The Archive of the Magazine for the George Mason University Community

“Flipped” Classroom

By Colleen Kearney Rich on May 30, 2013


Amin Jazaeri
College of Science

In a flipped classroom, the lectures are online, and class time is used for interactive work. Mason physics professor Amin Jazaeri, PhD ’07, flipped one of his classes last year “by sheer accident.” He received a grant to develop materials for an online course and was concerned about the effectiveness of the lectures he was recording. So he used the same lectures for his face-to-face class and used the in-class time for problem solving.

Amin Jazaeri

Amin Jazaeri

Jazaeri calls his blended learning environment LOGIC, which stands for Lectures Online, Group-work in Class. He has converted two introductory calculus-based physics courses to this format.

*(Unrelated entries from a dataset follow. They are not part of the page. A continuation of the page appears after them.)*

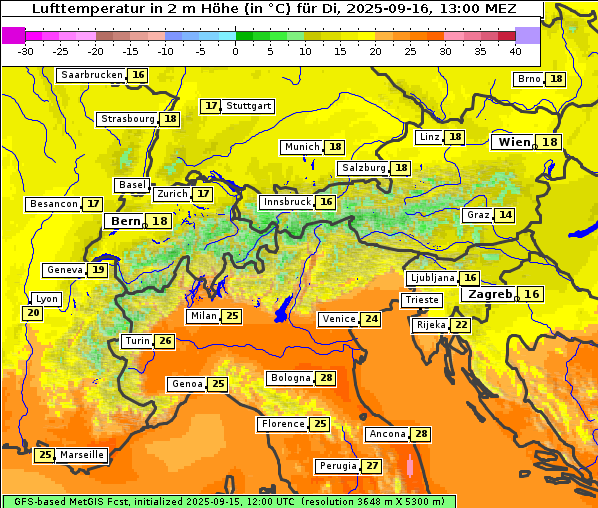 Temperatur, 16. 9. 2025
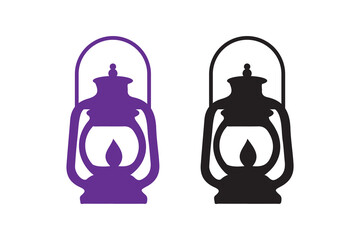 oil lantern silhouettes with white background and color versions 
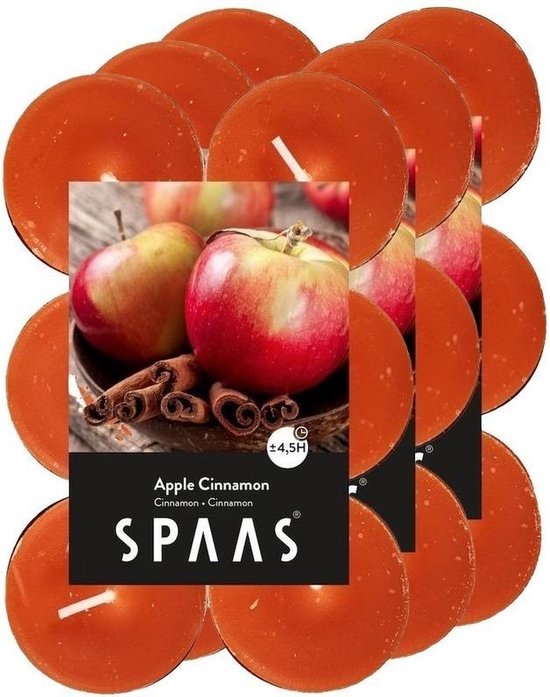 36x Geurtheelichtjes Apple Cinnamon 4,5 branduren - Geurkaarsen appel/kaneel geur - Waxinelichtjes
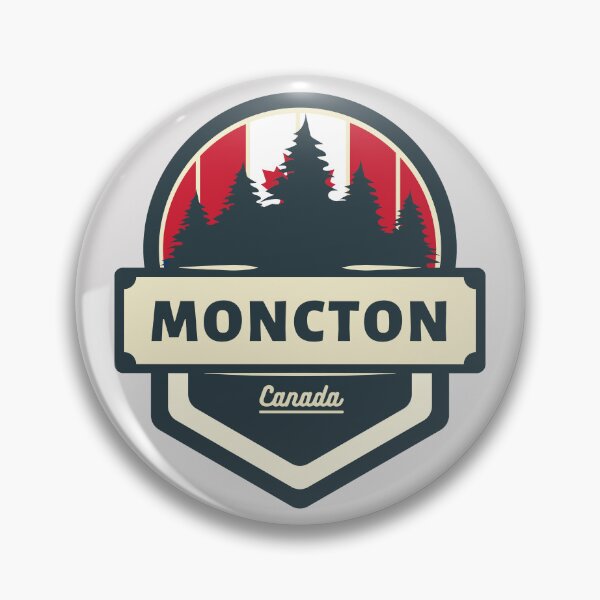 Item preview, Moncton Canada | Retro Vintage Travel Badge designed and sold by World Designs.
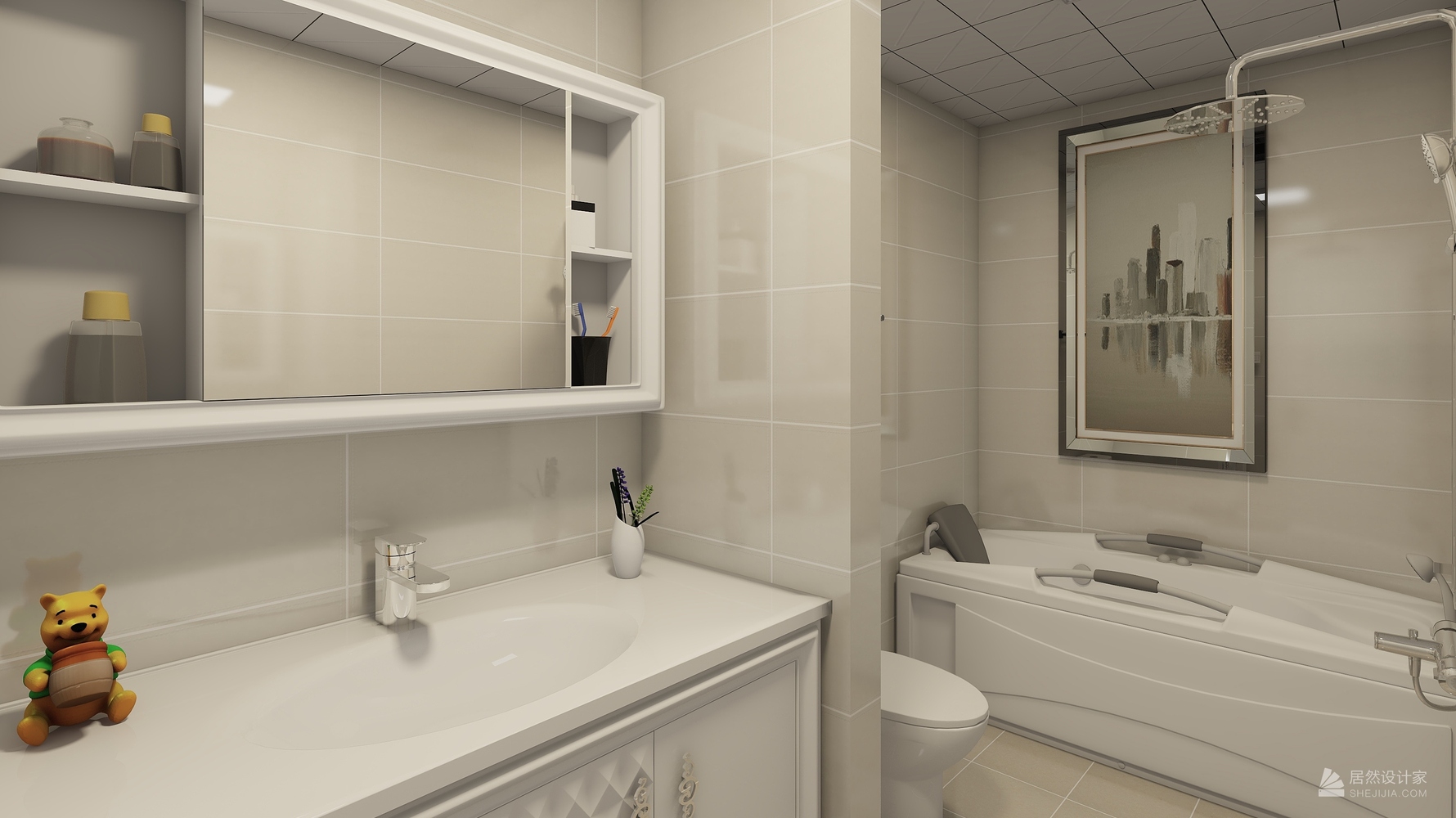 现代风格次卫装修设计效果图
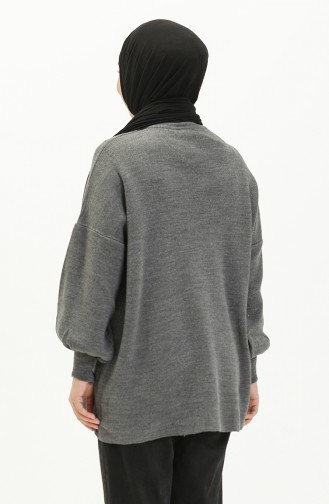 Trikot Pullover mit Ballonärmeln 0537-12 Dunkel Grau 0537-12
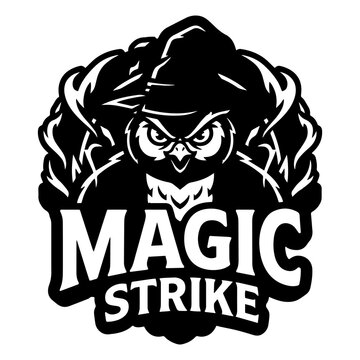 Fierce horned owl wizard apparel design vector, professional gaming logo emblem, aggressive witch bird character badge with bold text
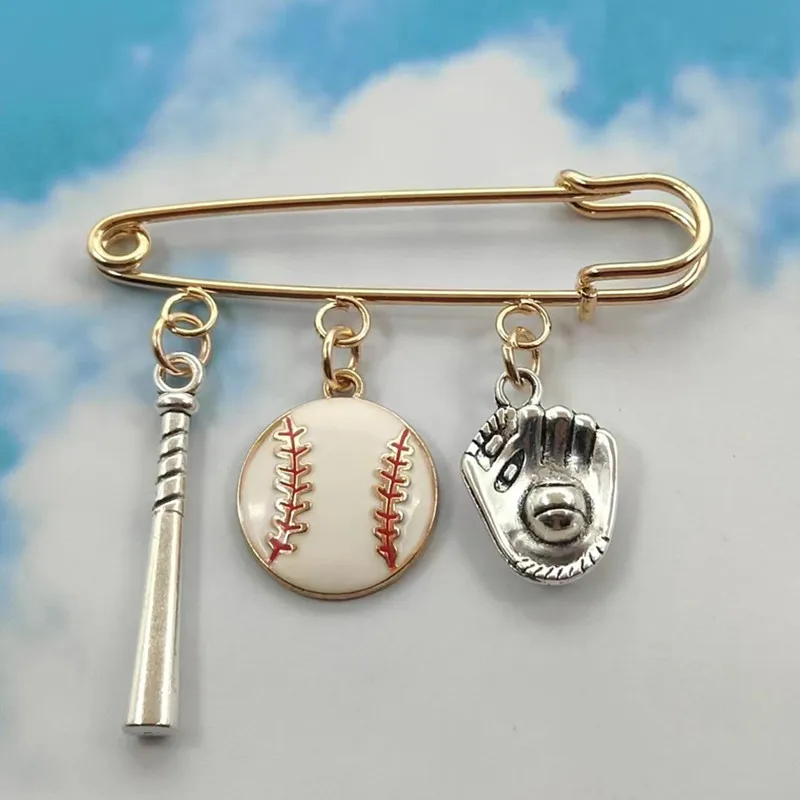 Lovely enamel sports brooch I like baseball Baseball glove pin men's souvenir boy DIY handmade jewelry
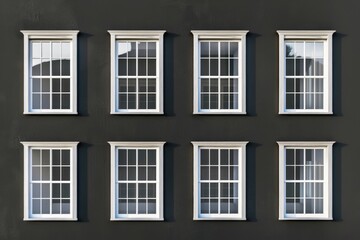 Poster - A black building with six windows and a fire hydrant. Perfect for urban-themed designs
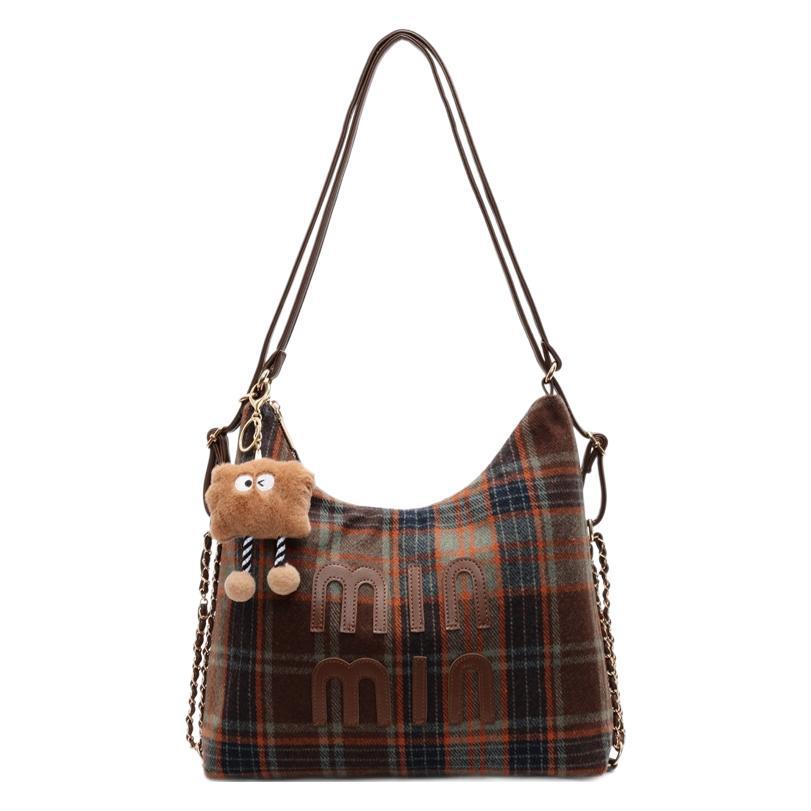 Retro woolen Korean version underarm bag women's bag 2025 new fashion casual chain backpack texture messenger bag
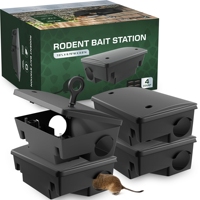 Lot de 4 stations d'appât pour rats, stations d'appât pour souris intelligentes anti-effraction, cages sécurisées pour enfants et animaux domestiques, pièges à souris pour extérieur/intérieur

“Whenever we offer a course in LOGIC format, we make sure that the course is offered in other formats as well,” says Jazaeri. “So students who like the face-to-face lecture format can switch to that section.”

Students in his flipped PHYS 260 class admitted there was more work outside of class initially because you had to watch the lectures in addition to reading the textbook, but some said the homework went faster because they began it in class with Jazaeri walking them through it to be sure they understood the material.

At the end of the course, the students take a traditional final exam, and Jazaeri has been pleased with student achievement. “Overall student performance has improved tremendously,” he says. “The exam grades were up by 15 percent, and the level of understanding of the subject has risen.”

Jazaeri is constantly tweaking the classes. “The model that I developed constantly evolves based on student recommendations and faculty feedback.”